■ **Task objective**:
After locating the line that contains "IAmNeit123's tweet photo." in the data below, set down exactly that line and each one after it through the line that contains "TV settings every casual gamer should try", and nothing more.

■ **Data shown**:
────

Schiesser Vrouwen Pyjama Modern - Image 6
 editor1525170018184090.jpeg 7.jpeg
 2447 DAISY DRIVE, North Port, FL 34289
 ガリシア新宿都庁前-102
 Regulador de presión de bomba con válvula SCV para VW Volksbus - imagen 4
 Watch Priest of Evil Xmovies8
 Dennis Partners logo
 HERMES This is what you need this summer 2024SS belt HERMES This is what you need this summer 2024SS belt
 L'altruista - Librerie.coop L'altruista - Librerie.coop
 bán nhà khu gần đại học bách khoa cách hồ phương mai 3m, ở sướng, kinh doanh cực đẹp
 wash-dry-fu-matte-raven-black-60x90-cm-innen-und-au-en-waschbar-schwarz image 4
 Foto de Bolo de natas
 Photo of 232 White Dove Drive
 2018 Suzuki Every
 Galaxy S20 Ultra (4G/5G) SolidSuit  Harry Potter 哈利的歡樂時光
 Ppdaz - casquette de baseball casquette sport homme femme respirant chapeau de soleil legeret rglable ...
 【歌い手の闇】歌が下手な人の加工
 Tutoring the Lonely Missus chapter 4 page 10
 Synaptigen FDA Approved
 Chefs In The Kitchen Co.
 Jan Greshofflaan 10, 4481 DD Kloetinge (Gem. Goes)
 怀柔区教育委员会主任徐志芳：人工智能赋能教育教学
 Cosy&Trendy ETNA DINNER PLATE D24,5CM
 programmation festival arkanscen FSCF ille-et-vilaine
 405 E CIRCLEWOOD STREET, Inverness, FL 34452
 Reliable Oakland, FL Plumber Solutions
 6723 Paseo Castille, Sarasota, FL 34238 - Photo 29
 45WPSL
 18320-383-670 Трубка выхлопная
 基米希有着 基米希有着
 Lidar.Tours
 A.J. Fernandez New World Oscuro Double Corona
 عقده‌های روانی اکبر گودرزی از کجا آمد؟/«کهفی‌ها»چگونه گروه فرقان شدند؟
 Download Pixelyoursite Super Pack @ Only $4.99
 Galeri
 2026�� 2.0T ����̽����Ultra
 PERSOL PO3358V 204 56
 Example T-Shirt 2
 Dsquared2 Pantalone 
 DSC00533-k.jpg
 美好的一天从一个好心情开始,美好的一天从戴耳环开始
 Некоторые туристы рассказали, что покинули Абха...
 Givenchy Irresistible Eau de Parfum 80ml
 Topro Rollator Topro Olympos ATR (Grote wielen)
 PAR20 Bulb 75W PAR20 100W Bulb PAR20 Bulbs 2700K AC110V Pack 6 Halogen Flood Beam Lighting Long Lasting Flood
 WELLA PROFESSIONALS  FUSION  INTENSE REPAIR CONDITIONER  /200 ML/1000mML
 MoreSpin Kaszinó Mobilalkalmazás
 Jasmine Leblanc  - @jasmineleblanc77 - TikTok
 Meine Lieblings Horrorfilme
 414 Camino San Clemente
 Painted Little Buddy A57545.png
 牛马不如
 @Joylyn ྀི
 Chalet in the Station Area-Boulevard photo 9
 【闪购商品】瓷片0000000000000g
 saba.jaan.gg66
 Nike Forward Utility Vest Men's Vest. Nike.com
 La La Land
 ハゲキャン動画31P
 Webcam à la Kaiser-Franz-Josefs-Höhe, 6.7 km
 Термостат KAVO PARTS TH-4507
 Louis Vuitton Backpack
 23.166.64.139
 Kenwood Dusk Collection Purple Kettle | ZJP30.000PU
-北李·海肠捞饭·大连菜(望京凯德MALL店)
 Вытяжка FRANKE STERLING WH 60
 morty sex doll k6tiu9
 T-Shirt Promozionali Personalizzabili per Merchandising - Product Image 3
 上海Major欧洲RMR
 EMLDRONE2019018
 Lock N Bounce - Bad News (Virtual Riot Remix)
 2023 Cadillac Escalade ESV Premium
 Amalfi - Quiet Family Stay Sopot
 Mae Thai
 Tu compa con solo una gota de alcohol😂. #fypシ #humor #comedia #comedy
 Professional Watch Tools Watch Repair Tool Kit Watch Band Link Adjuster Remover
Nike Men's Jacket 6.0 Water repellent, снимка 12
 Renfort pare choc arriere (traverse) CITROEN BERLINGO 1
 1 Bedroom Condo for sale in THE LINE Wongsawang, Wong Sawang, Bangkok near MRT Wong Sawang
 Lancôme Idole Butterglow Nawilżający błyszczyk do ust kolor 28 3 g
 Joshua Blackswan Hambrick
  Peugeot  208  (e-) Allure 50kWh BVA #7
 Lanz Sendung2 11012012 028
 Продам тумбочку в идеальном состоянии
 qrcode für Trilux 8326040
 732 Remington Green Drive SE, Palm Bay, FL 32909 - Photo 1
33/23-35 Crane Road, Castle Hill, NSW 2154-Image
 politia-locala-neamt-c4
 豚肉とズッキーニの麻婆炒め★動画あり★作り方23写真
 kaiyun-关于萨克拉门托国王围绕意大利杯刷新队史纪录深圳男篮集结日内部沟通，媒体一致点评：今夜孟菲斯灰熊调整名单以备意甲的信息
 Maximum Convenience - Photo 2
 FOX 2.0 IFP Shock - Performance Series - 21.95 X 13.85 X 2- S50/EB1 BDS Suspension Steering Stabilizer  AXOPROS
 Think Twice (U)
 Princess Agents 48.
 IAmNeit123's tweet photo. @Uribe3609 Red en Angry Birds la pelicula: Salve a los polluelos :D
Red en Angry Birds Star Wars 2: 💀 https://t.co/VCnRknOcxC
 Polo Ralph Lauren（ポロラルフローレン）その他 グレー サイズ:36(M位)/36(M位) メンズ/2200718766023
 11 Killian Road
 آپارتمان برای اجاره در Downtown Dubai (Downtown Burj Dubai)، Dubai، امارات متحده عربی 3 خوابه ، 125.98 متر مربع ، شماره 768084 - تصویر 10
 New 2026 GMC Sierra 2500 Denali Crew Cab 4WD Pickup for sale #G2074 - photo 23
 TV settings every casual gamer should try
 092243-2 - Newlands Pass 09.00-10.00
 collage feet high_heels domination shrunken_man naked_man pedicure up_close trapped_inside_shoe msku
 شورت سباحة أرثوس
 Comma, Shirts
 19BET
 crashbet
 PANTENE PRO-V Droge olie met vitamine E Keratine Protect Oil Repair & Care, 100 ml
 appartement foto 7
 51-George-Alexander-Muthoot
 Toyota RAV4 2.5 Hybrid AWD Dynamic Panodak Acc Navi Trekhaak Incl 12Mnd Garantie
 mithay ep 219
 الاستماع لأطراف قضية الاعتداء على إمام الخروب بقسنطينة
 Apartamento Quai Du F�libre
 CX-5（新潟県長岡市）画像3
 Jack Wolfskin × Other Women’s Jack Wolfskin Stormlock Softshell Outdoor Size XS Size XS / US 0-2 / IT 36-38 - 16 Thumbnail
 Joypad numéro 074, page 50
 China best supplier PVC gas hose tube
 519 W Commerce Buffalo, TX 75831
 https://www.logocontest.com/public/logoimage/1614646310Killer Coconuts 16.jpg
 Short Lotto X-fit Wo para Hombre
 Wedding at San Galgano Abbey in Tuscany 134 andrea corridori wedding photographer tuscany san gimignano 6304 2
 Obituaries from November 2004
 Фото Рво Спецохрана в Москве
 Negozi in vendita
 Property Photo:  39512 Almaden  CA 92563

────

■ **Finished exercise**:
 IAmNeit123's tweet photo. @Uribe3609 Red en Angry Birds la pelicula: Salve a los polluelos :D
Red en Angry Birds Star Wars 2: 💀 https://t.co/VCnRknOcxC
 Polo Ralph Lauren（ポロラルフローレン）その他 グレー サイズ:36(M位)/36(M位) メンズ/2200718766023
 11 Killian Road
 آپارتمان برای اجاره در Downtown Dubai (Downtown Burj Dubai)، Dubai، امارات متحده عربی 3 خوابه ، 125.98 متر مربع ، شماره 768084 - تصویر 10
 New 2026 GMC Sierra 2500 Denali Crew Cab 4WD Pickup for sale #G2074 - photo 23
 TV settings every casual gamer should try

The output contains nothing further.